# casting platform



## FalseCast (May 7, 2009)

got a mitzi skiff that i totally love but am looking to get a casting platform on it. I think i like the ones with the cage that goes around it 3/4 of the way to help keep fly line in. Anyone know a good welder close to the Sugar Land/Houston area that can put a fly-fishing friendly platform on?
thanks in advance


----------



## stained (Jul 5, 2009)

FalseCast said:


> got a mitzi skiff that i totally love but am looking to get a casting platform on it. I think i like the ones with the cage that goes around it 3/4 of the way to help keep fly line in. Anyone know a good welder close to the Sugar Land/Houston area that can put a fly-fishing friendly platform on?
> thanks in advance


Call Keith Doty at Texas Hunting Systems (f/k/a Southern Sportsman Marine) 713-663-6906. They're in Bellaire.

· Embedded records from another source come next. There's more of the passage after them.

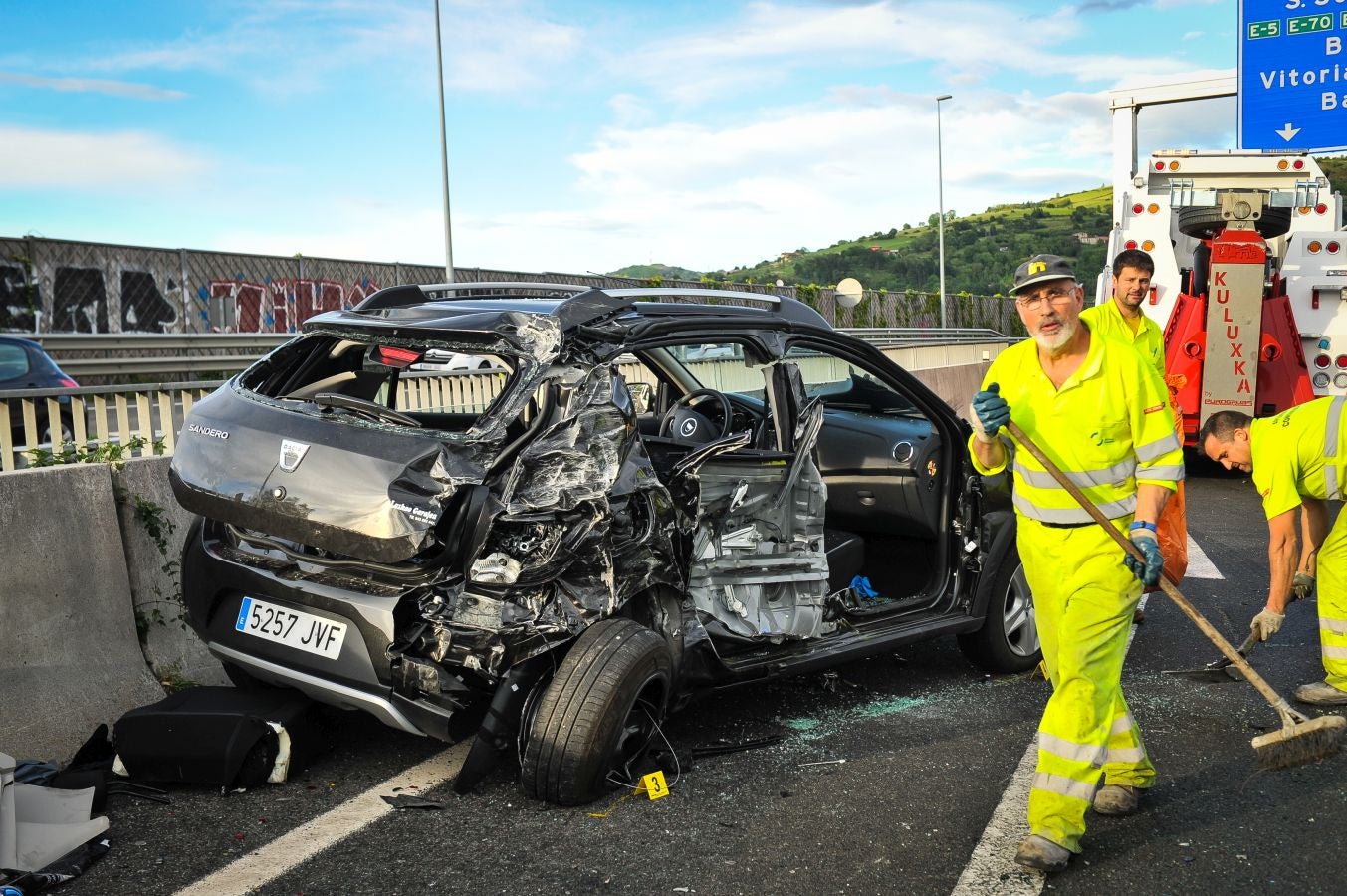 Las imágenes del accidente en la A-15, en Hernani
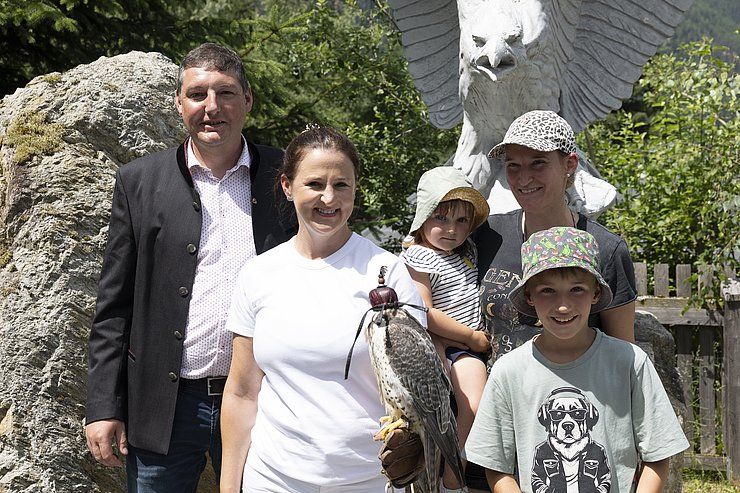 Gelungenes Familienfest im Ötzi-Dorf & Greifvogelpark Umhausen
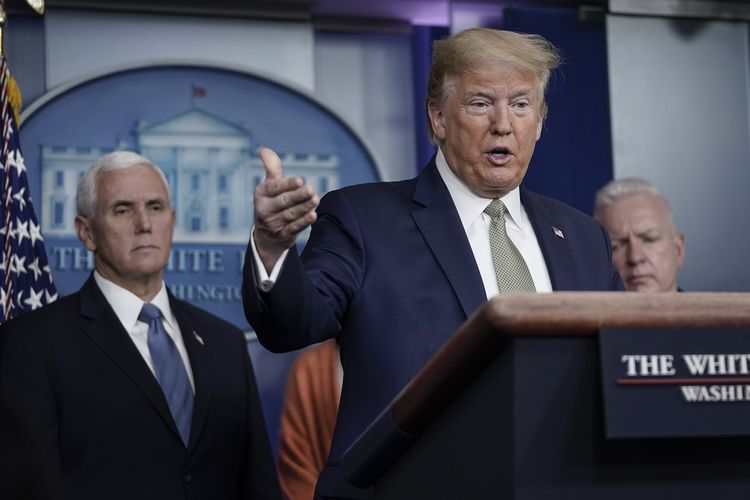 Presiden Amerika Serikat Donald Trump didampingi Wakil Presiden Mike Pence ketika memberikan keterangan pers mengenai virus corona di Gedung Putih, Washington, pada 17 Maret 2020.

He has custom built several, one-off items for me including this platform:







IMGP1409.2.jpg








IMGP0327.2.jpg

Good sheitte. Good guy. Fishes a bunch and knows what works and what doesn't. He does a lot boat fabrication and fixes other fab-fock-ups. Engine work too. Draw it up, copy pictures of other platforms, whatever...take it over to him and discuss the details. I've never been dissapointed...


----------



## Stuart (May 21, 2004)

And remember, your boat's cockpit can be one of the best fly line tamers and it's free. Well, you know what I mean.


----------